These look easy to satisfy separately. Satisfying all three together, in the presence of failures, is what makes consensus hard.
The most subtle property is termination. An algorithm that says "wait until you're certain" can satisfy agreement and validity easily — but it might wait forever. The challenge is designing an algorithm that terminates even when nodes crash and messages are delayed.
Why Consensus Is Hard: The FLP Result
In 1985, Fischer, Lynch, and Paterson proved something startling: in an asynchronous distributed system where even one node might fail, it is impossible to guarantee that a consensus algorithm terminates. This is the FLP impossibility result, and it's one of the most important theoretical results in distributed systems.
Let's understand what "asynchronous" means here. In an asynchronous system, there are no guaranteed bounds on how long a message can take to arrive or how long a node can take to respond. You can't tell the difference between a node that crashed and a node that's just slow. You can't tell the difference between a message that was lost and a message that's still in transit.

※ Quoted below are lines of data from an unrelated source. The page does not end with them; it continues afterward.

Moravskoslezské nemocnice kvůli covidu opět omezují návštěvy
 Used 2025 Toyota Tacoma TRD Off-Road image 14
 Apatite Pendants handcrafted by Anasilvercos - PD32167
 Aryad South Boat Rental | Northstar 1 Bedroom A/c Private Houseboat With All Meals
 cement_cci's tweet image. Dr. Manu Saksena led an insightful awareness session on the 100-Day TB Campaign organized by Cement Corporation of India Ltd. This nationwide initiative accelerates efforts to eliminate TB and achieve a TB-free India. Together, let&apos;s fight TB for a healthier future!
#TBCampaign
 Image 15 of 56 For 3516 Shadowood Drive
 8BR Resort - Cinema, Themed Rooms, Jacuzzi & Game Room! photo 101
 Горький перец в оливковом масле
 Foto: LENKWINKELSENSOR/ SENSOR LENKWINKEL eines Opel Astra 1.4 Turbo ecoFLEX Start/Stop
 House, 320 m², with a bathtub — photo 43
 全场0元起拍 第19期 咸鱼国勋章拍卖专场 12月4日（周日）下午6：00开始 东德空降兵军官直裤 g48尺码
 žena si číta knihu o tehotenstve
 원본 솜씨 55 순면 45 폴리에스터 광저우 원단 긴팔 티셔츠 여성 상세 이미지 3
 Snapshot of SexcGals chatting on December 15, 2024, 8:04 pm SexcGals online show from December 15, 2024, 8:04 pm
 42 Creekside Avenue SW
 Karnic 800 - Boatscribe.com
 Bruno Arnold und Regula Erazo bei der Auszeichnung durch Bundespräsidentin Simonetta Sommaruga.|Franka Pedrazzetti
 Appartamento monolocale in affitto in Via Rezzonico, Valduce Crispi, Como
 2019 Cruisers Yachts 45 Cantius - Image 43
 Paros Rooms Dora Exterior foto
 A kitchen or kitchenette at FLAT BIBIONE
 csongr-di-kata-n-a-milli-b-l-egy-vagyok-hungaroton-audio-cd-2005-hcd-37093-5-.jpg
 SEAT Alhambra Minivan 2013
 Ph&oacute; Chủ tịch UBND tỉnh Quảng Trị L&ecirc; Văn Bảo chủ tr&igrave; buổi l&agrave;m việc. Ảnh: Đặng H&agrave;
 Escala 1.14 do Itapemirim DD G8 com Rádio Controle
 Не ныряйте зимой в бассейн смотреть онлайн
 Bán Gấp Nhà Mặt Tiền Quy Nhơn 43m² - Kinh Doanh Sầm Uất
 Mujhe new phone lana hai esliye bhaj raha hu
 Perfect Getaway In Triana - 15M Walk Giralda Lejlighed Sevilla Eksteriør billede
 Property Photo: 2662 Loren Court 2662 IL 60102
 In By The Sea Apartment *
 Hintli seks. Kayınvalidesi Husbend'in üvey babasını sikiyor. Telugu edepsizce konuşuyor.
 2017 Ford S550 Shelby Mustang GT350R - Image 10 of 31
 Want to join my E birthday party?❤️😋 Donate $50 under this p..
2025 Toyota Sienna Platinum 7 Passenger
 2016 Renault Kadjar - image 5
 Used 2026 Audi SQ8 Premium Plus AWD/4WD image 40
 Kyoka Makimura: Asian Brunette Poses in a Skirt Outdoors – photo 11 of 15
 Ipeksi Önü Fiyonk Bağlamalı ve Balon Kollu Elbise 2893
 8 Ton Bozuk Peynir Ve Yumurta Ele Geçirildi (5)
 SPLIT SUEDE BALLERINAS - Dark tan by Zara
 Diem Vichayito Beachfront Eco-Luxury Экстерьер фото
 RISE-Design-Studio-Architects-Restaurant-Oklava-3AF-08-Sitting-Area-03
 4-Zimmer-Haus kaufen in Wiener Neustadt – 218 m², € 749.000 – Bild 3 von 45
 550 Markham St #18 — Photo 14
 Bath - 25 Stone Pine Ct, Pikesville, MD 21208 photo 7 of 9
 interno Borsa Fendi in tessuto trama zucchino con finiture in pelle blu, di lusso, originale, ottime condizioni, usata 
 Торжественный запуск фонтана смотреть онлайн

The FLP result says: if you cannot bound these delays, then a single crashed node can make it impossible for the remaining nodes to reach a decision — because no one can tell if it crashed or is just slow, and waiting for it might mean waiting forever.
Scenario: 3 nodes, Node C is unresponsive Node A ──── propose(1) ────► Node B │ Node A ─── ? ──────────► Node C ← crashed? or just slow? If A waits for C → might wait forever (breaks Termination) If A decides without C → C might wake up (risks Agreement)
This is not a fixable implementation bug. It's a provable limit of what's achievable.
But we do have consensus algorithms — how?
Real systems work around FLP in a practical way: they give up on the purely asynchronous model and add timeouts. If you add timeouts, you're saying "if a node doesn't respond within X milliseconds, treat it as failed." This is a weak form of synchrony — you're adding a bound on message delays, even if that bound is imprecise.
With timeouts, you can build consensus algorithms that work well in practice, even though they can't formally guarantee termination in the face of arbitrary asynchrony. This is the pragmatic trade-off that Paxos, Raft, and all real consensus systems make.
FLP doesn't mean "consensus is impossible." It means "consensus is impossible if you assume zero guarantees about timing." Since real systems do have roughly-bounded network delays, practical consensus is achievable. FLP explains why your consensus algorithm will sometimes need to retry and why you should never design for zero latency overhead.
Paxos: The Original Algorithm
Paxos was invented by Leslie Lamport in the 1980s and published in 1998. For many years it was the only well-understood consensus algorithm. Almost every consensus system that predates 2014 is based on Paxos or a variant of it: Google Chubby, Apache Zookeeper, and many others.
Paxos solves single-value consensus — getting a group of nodes to agree on a single value. Here's how it works.
The two phases
In Paxos, a node that wants to propose a value is called a proposer. The nodes that vote are called acceptors. There are usually more acceptors than proposers, and a value is chosen when a majority of acceptors agree on it.
Phase 1: Prepare / Promise
The proposer picks a proposal number n (which must be higher than any number it has used before) and sends a Prepare(n) message to a majority of acceptors.
Each acceptor, on receiving Prepare(n), does two things: it promises never to accept any proposal with a number less than n, and it reports back the highest-numbered proposal it has already accepted (if any).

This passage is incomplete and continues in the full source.